Passer à l’économie du savoir, oui mais comment ?

Qui doit faire quoi et comment pour opérer le passage à «l’économie du savoir [et] le transfert de nouvelles technologies» – la troisième composante de la recommandation ? Le passage à l’économie du savoir et sa réussite constitue l’objectif de tous les pays du monde et le rêve de la majorité. On en parle, chez nous, comme si c’était une évidence et chose facile à faire – d’ailleurs, même depuis avant la Révolution. Quels sont le cadre et le contexte favorables à ce passage ? Quelles sont les mesures à prendre ? Encore mieux, quelles sont la stratégie et la formule qui permettent de réussir cette mutation de notre économie ? Est-il possible de passer de notre économie actuelle à une économie du savoir, ou bien y a t-il des étapes intermédiaires ? Quelle serait la durée de ce passage ? A mon avis, pas moins d’une génération, soit une vingtaine d’années, s’il est réussi et conduit assidûment. Dans ce cas, que faire, entre-temps, pour relancer l’économie, résorber le chômage et améliorer le niveau de vie ?
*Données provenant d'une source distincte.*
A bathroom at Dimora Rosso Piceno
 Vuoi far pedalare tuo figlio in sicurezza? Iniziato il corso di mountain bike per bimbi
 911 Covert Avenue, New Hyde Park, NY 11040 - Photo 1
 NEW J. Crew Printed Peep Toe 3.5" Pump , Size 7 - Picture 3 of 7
Autrement dit, quand on me recommande le passage à l’économie du savoir, comme remède à la crise actuelle, on ne me convainc pas que c’est la solution appropriée et préférée, et je ne sais toujours pas quelles mesures prendre, ni quoi faire pour m’en sortir. J’en suis au même point, sinon plus confus.

Finalement, nous n'avons pas besoin d’évoquer «un nouveau modèle de développement» pour reconnaître l’importance de «l’impulsion de l’investissement étranger» – quatrième composante de la recommandation. Sans esprit pointilleux ou nuances abstraites et superflues, je préfère le terme attraction à celui d’impulsion.

En effet, nous ne pouvons pas impulser l’investissement étranger, car nous n’avons aucune influence directe sur lui ; par contre, nous pouvons l’appâter, l’attirer. Pour ce, nous devons rendre notre pays et notre économie plus tentants et plus attirants – avec un projet et une stratégie audacieux, ambitieux et judicieux...

Je dois avouer que le concept et l’expression de «nouveau modèle de développement» sonnent bien,; ils sont tentants ; ils font fantasmer. Mais, tels que j’en ai entendu parler et selon ce que j’ai lu, concrètement et pratiquement, ils sont vagues, abstraits, peu utiles et impertinents.

En conclusion, non seulement avec cette conférence, mais d’une manière générale, nous restons sur notre faim, en attente de solutions, stratégies et projets pratiques, explicites, pertinents et convaincants.